Aku berbaring dengan membelakangi Tian. Yah ngambek karena di goda seperti itu oleh suami ku.
Tian hanya menggelengkan kepala nya melihat tingkah ku seperti anak kecil itu dan mencoba untuk memejamkan mata.
Lama aku menunggu agar Tian membujuk ku. Namun tiada respon dan Tian membiarkan aku begitu saja.
Jelas aku semakin kesal dengan tingkah Tian itu.
"Ini suami macam apa sih, orang ngambek di pujuk kek. Malah di biarin begitu saja" Cerutu ku dalam hati.
Aku pun mengalah dan berbalik melihat Tian apa kah dia tidur atau bagaimana.
"Tian, kamu kenapa?" Tanya ku panik melihat laki-laki berambut ikal itu kembali gemetaran. Keringat dingin kembali membasahi tubuh nya yang kekar.
"Tian, apa candu mu kambuh lagi?" Tanya ku langsung mencoba mencari obat penenang. Namun sayang obat tersebut telah habis dan aku pun lupa untuk membeli nya lagi.

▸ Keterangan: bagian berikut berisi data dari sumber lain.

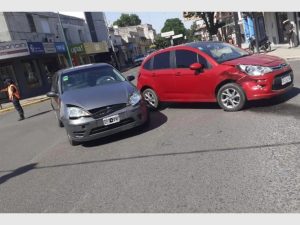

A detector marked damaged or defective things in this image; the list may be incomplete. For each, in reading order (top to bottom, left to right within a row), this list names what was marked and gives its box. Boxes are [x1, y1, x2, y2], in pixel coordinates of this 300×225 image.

crumpled hood [61, 81, 136, 110]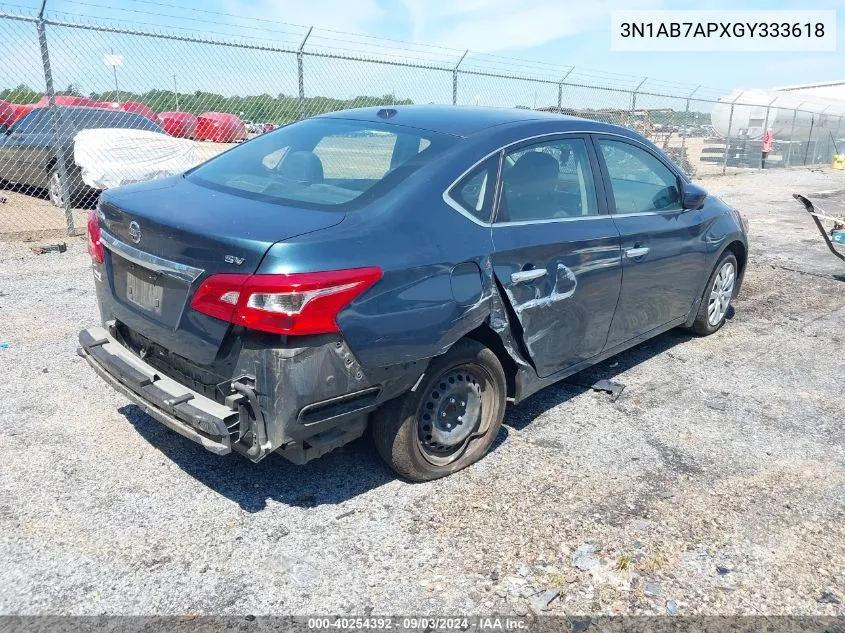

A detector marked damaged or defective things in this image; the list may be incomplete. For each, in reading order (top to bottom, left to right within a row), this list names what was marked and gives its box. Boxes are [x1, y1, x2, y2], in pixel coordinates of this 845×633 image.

detached bumper cover [78, 326, 239, 454]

"Ya Allah Tian maaf kan aku obat nya habis" Ujar ku panik sambari memegang wajah nya yang pucat.
"Aduh bagaimana ini? Apa yang harus aku lakukan? Aku tidak tahu harus bagaimana?" Ujar ku dengan cemas. Yah otak ku benar-benar tidak bisa bekerja saat ini. Aku bingung harus berbuat apa kepada Tian.

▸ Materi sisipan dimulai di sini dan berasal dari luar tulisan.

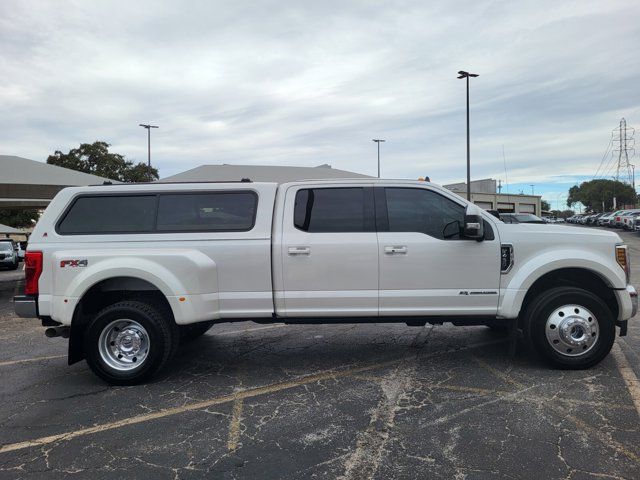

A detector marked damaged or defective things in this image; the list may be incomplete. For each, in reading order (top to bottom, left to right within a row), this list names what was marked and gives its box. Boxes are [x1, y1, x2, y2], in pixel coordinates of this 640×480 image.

cracked pavement [1, 231, 640, 478]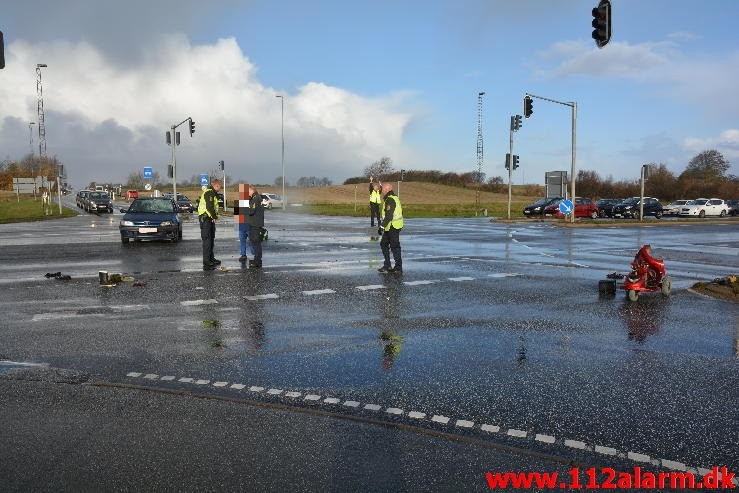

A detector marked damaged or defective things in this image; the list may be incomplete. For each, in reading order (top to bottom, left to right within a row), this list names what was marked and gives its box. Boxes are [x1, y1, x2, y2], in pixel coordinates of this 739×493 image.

overturned red vehicle [620, 243, 672, 300]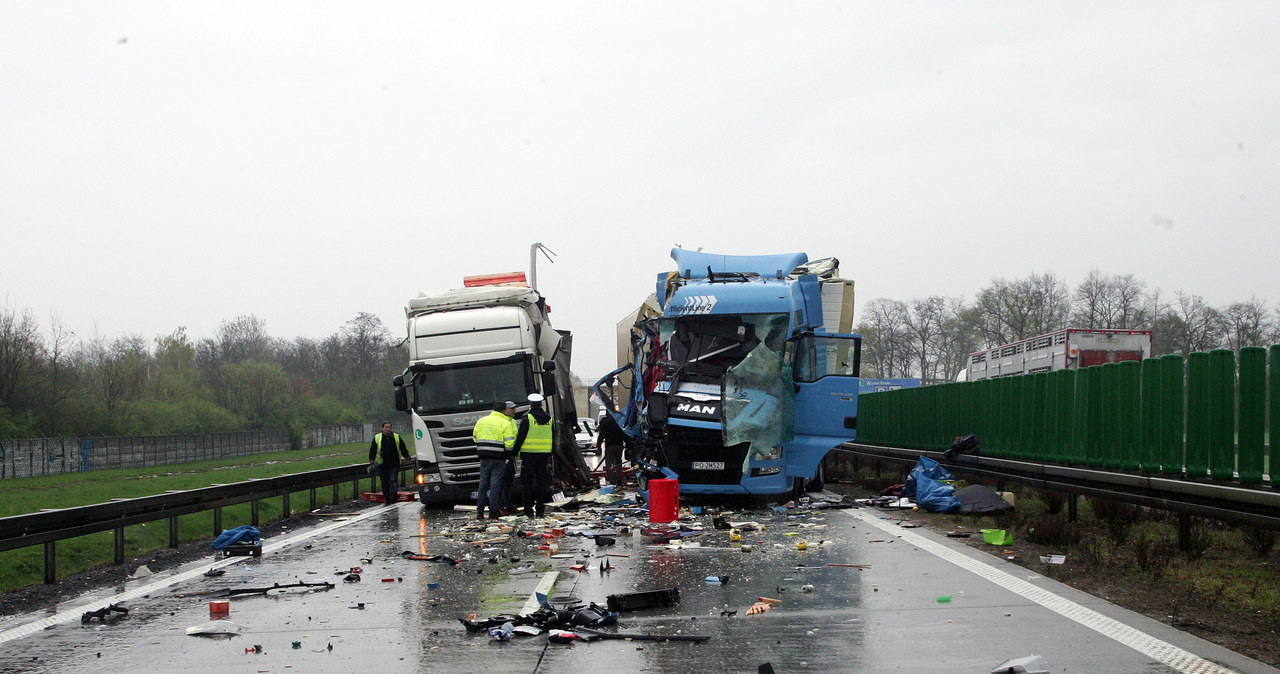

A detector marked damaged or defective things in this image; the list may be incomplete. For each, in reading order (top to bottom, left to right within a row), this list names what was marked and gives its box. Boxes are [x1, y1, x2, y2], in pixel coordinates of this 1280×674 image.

shattered windshield [410, 360, 528, 412]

"Fitri, boleh aku menggunakan obat itu? Sudah dua tiga hari aku melawan rasa candu ini. Tapi hari ini sudah semakin parah dan aku tidak bisa menahan nya lagi" Ujar Tian terus menggigil.
Aku tersentak mendengar apa yang di katakan Tian. Ternyata sudah selama itu dia menahan rasa candu nya. Kenapa aku tidak tahu? Pantas saja obat penenang nya habis lantaran terus di konsumsi sama Tian. Dan jika aku tahu obat nya habis pasti aku akan membeli nya lagi. Pikir ku.
"Tidak mungkin aku memberikan obat terlarang itu. Lagian aku juga tidak mempunyai obat itu sama sekali" Pikir ku.
"Apa kamu lupa dengan janji mu Tian?" Kata ku berhati-hati takut jika Tian mengamuk saat aku salah ucap. Maklum saja orang lagi kambuh pasti mudah saja mengamuk nya bukan.
"Tapi Fit.... " Ujar nya tidak melanjutkan kata-kata nya melainkan suami ku itu langsung berlari menuju kamar mandi dan mengunci diri dari dalam.
"Tian, Tian buka pintu nya" Terik ku dari luar menangis sambil mengetuk-ngetuk pintu kamar mandi yang ada di dalam kamar ku itu.
"Apa yang harus aku lakukan? Apa aku harus pergi membeli obat penenang nya. Tapi tidak mungkin aku meninggalkan Tian dalam keadaan seperti ini" Pikir ku serba salah. Aku mondar-mandir di depan pintu kamar mandi itu.
"Apa aku meminta bantuan kepada abang ku atau kakak ku ya? Gak-gak aku gak mau, nanti apa kata mereka terhadap Tian. Pasti mereka akan berpikir buruk bahwa Tian tidak bisa berubah. Dan apa yang mereka takutkan selama ini akan jadi kenyataan. Gak, aku tidak mau membuat keluarga ku cemas." Batin ku terus bergejolak.
"Terus aku harus bagaimana?" Air mata ku terus mengalir berusaha mencari jalan keluar untuk masalah ini.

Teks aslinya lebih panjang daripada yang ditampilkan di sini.